Through Ginkgo and other partners outside the university, Auclair’s lab tested pooled samples from Maine public school districts and, at one time, the Chicago school district, for COVID-19.

The relationship with Ginkgo has evolved since then into a joint project to conduct biosurveillance on monkeypox and whatever emerging pathogen might pose the next serious health threat in the U.S., Auclair says.

Ginkgo “responds to outbreaks in real time by preparing for surge capacity—so that additional testing is available if needed if an outbreak grows quickly,” says Karen Hogan, senior director at Concentric by Ginkgo, the biosecurity and public health arm of the company. 

She says Ginkgo works with lab partners like Northeastern “to make sure that capacity is ready to go.”

“Our lab network is a mix of academic and industry labs. This is a great model, as we get to work with leading researchers and laboratories to develop new methods and launch them at scale for public health,” Hogan says.

“From day one, Jared and his team have been invaluable partners as we worked to grow our capacity to help our communities fight COVID locally and nationally,” she says.

“(Auclair) is smart and hard working and the team he has built is that and much more. They turned on COVID testing services almost overnight and have maintained a high level of quality and performance. We enjoy working with them and plan to expand our work to fight COVID and more in service of public health,” Hogan says.
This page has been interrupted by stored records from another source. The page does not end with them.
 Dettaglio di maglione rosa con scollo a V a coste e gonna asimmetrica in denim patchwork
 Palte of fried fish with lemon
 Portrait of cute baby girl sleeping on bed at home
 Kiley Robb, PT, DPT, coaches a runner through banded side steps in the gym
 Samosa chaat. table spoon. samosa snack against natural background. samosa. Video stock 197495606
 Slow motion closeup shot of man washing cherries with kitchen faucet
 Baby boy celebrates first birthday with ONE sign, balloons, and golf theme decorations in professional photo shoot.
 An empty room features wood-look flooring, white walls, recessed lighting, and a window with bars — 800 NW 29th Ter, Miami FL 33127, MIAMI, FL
Auclair says monkeypox is different from COVID-19 in that it is a DNA rather than an RNA virus, making it more difficult to mutate into variants.
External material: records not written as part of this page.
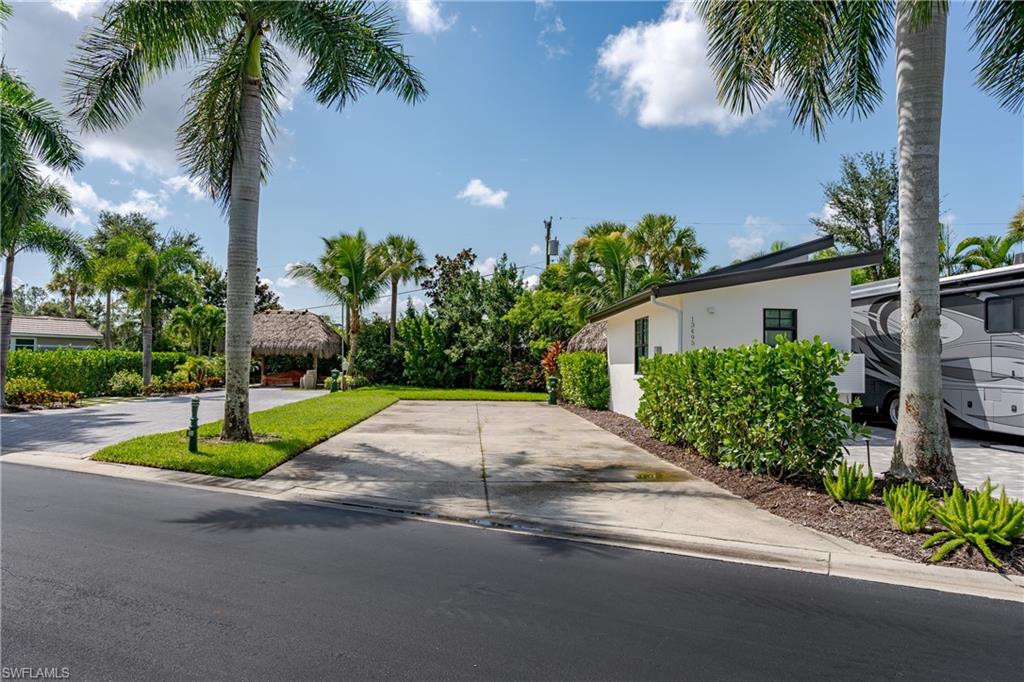 13499 Snook Circle Naples, FL 34114 - Photo 9 of 39 a house with palm tree in front of it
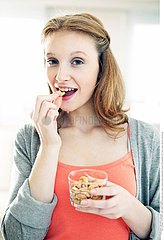 WOMAN EATING DRIED FRUIT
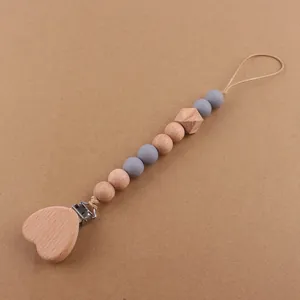Detailed view of heart beech wood clip and silicone beads for baby pacifier chain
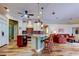 Open concept kitchen with a center island, pendant lighting, and modern appliances at 15302 Lake Maurine Dr, Odessa, FL 33556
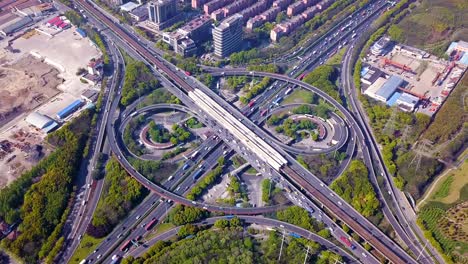 aerial view of highway junctions with roundabout. bridge roads shape circle in structure of architecture and transportation concept. top view. urban city, shanghai, china.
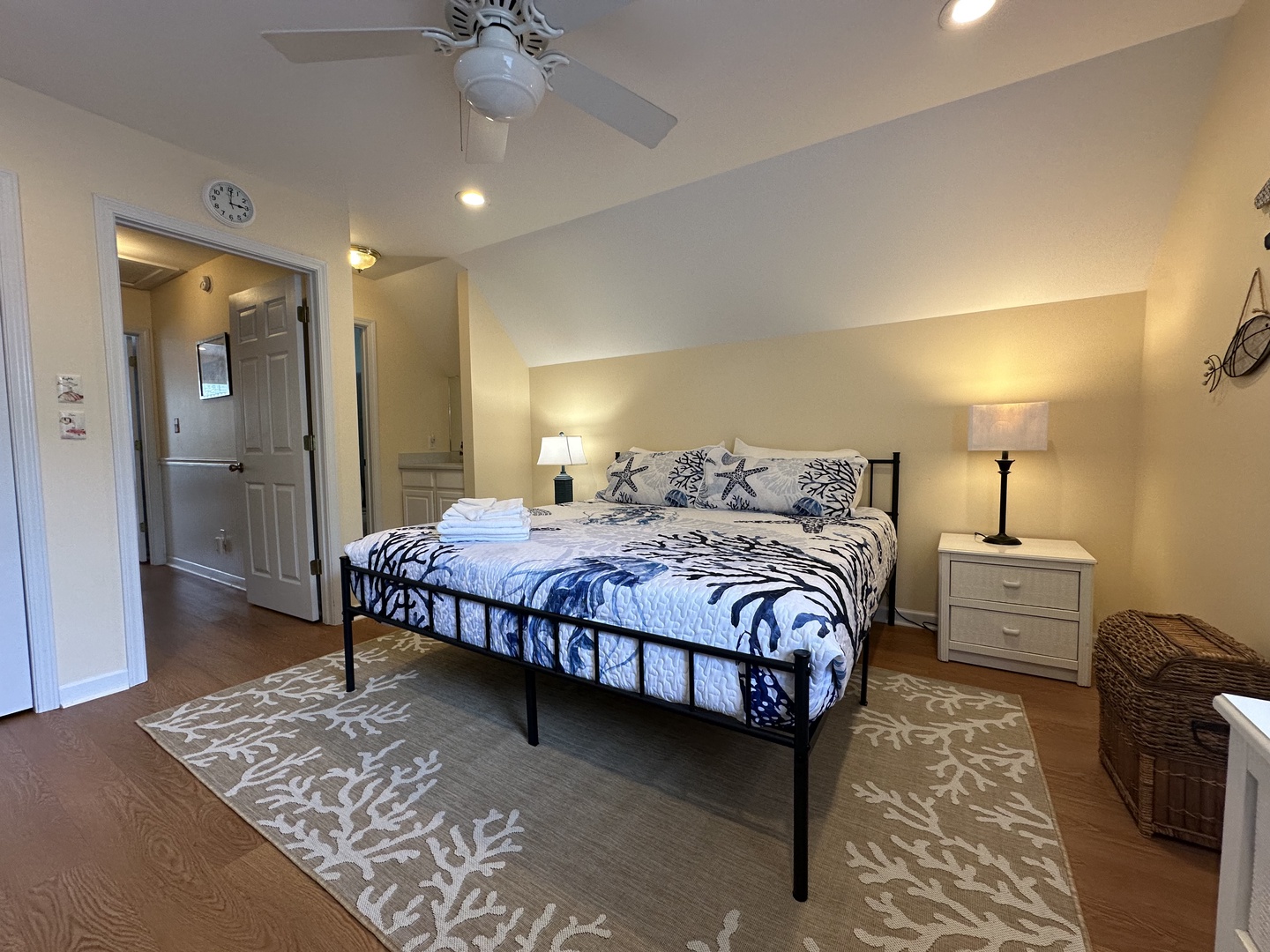 Sink into your plush coastal-themed bed after a long day, where soft linens and a gentle ceiling fan promise restful nights. Your bedside lamps cast a warm glow over polished floors and elegant décor.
“Monkeypox is not contagious through the air. You have to come in contact with bodily fluid,” he says.

Even so, monkeypox joins COVID-19 as a viral illness that meets WHO’s definition of a health emergency. The Washington Post says WHO named the coronavirus pandemic a global crisis in early 2020.

The Post says that officials hope the emergency designation will help stop the outbreak, which so far has been centered in men who have sex with men.

The Washington Post says the Biden Administration is considering declaring the monkeypox outbreak a national emergency. The administration also is planning to announce a White House coordinator to respond to the surge in cases.

It is inevitable that monkeypox will be followed by some other global health concern, Auclair says.

“It’s really important to monitor the pathogens that are coming in and out of the country so we can respond appropriately, which could include treatments and therapies or vaccines. It could include the ability to activate our healthcare system as opposed to having to be so reactive during COVID,” he says. “We can be more proactive.”